TASK DESCRIPTION
Beginning at the top of the data below, write out every line exactly until you reach the line with "Detailed view of", and include that line.

======== TASK DATA

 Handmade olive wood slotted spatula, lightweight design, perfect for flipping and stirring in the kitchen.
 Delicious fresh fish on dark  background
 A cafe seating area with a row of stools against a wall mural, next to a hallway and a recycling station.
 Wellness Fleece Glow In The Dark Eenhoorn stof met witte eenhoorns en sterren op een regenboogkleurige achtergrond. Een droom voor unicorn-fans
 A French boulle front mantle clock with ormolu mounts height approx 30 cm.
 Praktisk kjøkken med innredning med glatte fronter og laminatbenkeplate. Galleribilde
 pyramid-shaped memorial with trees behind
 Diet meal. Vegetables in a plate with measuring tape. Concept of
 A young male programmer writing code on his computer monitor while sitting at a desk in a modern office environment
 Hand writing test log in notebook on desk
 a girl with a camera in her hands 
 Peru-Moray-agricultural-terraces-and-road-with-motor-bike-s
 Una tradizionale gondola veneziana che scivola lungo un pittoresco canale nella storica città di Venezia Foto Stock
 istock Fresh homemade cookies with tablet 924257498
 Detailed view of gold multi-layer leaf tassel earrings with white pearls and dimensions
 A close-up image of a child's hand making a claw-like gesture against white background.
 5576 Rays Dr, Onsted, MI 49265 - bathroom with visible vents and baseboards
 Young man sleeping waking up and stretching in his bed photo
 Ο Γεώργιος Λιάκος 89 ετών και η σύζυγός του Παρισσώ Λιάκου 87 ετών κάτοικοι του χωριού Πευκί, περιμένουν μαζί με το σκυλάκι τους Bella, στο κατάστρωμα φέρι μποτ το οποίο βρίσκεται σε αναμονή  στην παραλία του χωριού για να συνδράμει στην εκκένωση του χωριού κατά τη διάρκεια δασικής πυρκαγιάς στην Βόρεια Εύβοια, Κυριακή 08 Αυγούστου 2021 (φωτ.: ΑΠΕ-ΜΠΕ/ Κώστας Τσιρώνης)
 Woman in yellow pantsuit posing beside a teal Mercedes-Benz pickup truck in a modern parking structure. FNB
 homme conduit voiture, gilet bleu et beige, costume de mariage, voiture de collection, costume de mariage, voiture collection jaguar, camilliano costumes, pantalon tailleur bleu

================

RESPONSE
 Handmade olive wood slotted spatula, lightweight design, perfect for flipping and stirring in the kitchen.
 Delicious fresh fish on dark  background
 A cafe seating area with a row of stools against a wall mural, next to a hallway and a recycling station.
 Wellness Fleece Glow In The Dark Eenhoorn stof met witte eenhoorns en sterren op een regenboogkleurige achtergrond. Een droom voor unicorn-fans
 A French boulle front mantle clock with ormolu mounts height approx 30 cm.
 Praktisk kjøkken med innredning med glatte fronter og laminatbenkeplate. Galleribilde
 pyramid-shaped memorial with trees behind
 Diet meal. Vegetables in a plate with measuring tape. Concept of
 A young male programmer writing code on his computer monitor while sitting at a desk in a modern office environment
 Hand writing test log in notebook on desk
 a girl with a camera in her hands 
 Peru-Moray-agricultural-terraces-and-road-with-motor-bike-s
 Una tradizionale gondola veneziana che scivola lungo un pittoresco canale nella storica città di Venezia Foto Stock
 istock Fresh homemade cookies with tablet 924257498
 Detailed view of gold multi-layer leaf tassel earrings with white pearls and dimensions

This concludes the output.